Before the last note of the Hanson you can hear the entire wind section breathe in great quantities of air, some great many-headed monster preparing to breathe fire. The last note impacts like a meteor and there's a puff of rosin dust rising out of the violin section, broken bow hairs flying.
And in the Dvorak the cellos are swaying to their own beautiful melody; the orchestra looks like a colony of corals in a warm ocean current. The piccolo is the flashing of the small fish in the sunlight and the low brass and basses are the ocean floor itself.
It ends in a flurry of dancing, you're supposed to be swinging in the moonlight, arm in arm, spinning as fast as you can without falling over. The audience claps and the orchestra sounds like a herd of buffalo. The maestro bows three times and finally the lights dim on the stage.

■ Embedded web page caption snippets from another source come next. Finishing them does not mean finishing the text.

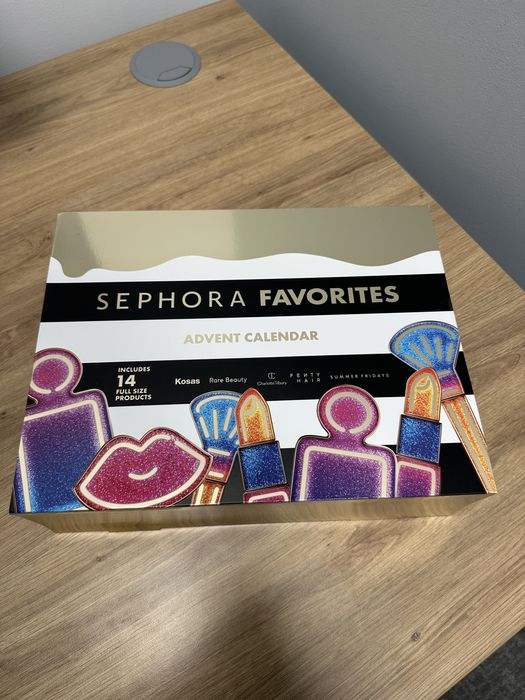 Calendar advent Sephora 2025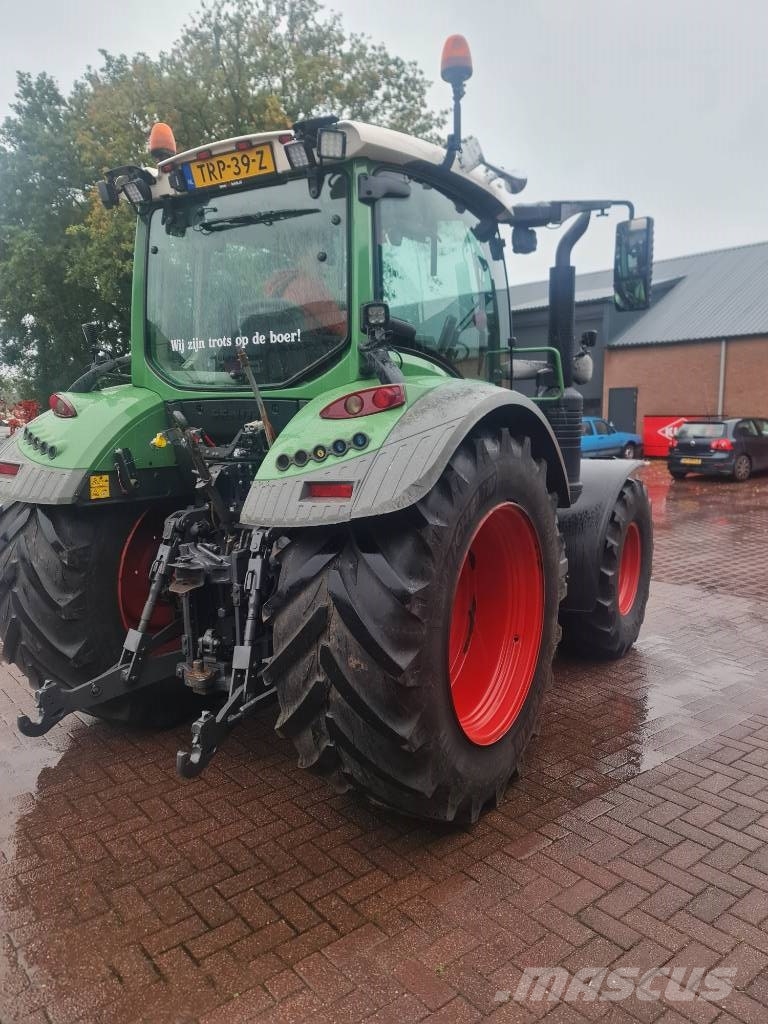 Fendt 313 S4 Profi Tractoren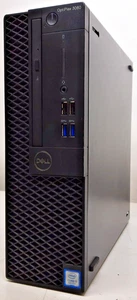Dell OptiPlex 3060 SFF Desktop Intel Core i3-8100 @ 3.60GHz 8GB RAM NO SSD - Picture 1 of 10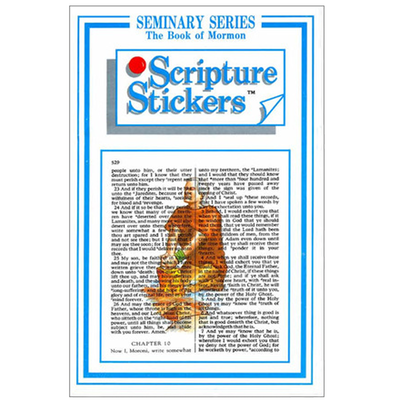 Scripture Stickers: Seminary Series, Book of Mormon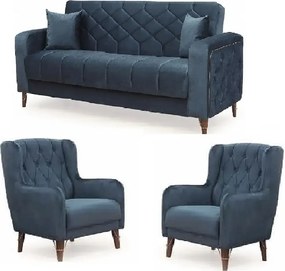 Set canapea cu 2 fotolii Milas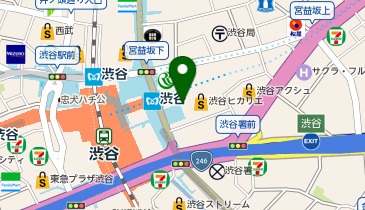 Tabio 渋谷ヒカリエ内 ShinQs 2階店の地図画像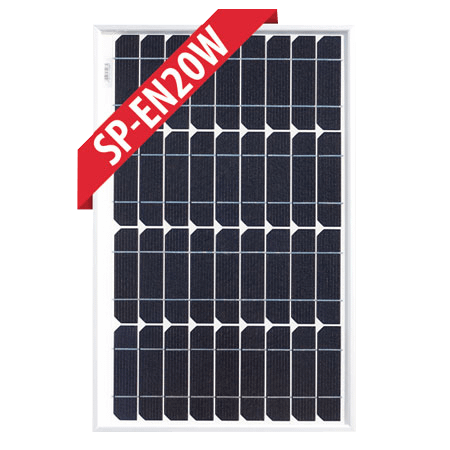 20W Fixed Mono Solar Panel - SP-EN20W
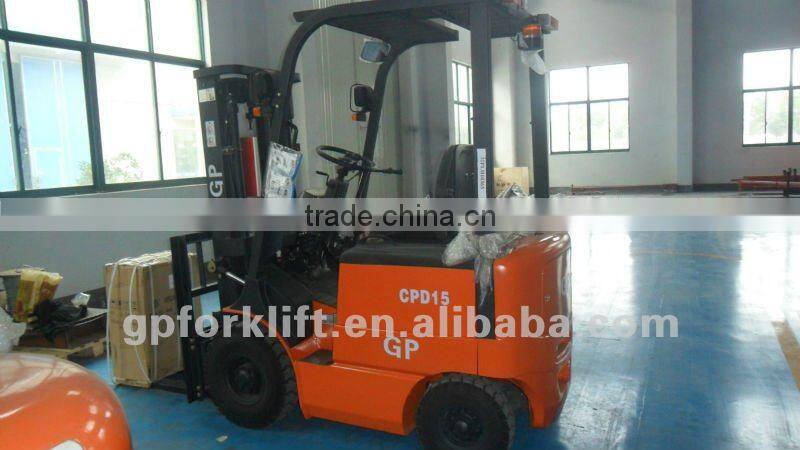 1.5-1.8Ton Electric forklift truck (AC Power)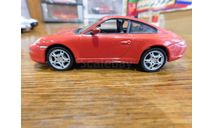 Porsche 911 Carrera S, Welly, 1:43, масштабная модель, scale43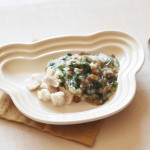 ふんわり魚のわかめあん（調理時間：約5分）＊後期から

Downstairs everybody is singing their favorite parts, putting away their instruments, polishing them, cleaning them, putting on their coats and smiling because they can't stop; because their faces have been smiling for so long and they are so full of nervous energy and so exhausted from the performance that they can't smooth out their muscles. We tell each other it went well and climb the stairs to the lobby where there the audience is waiting. Our friends meet us. They gives us hugs and shake our hands and we stand around talking about the music. Then we walk home in the storm outside, wind whipping our hair.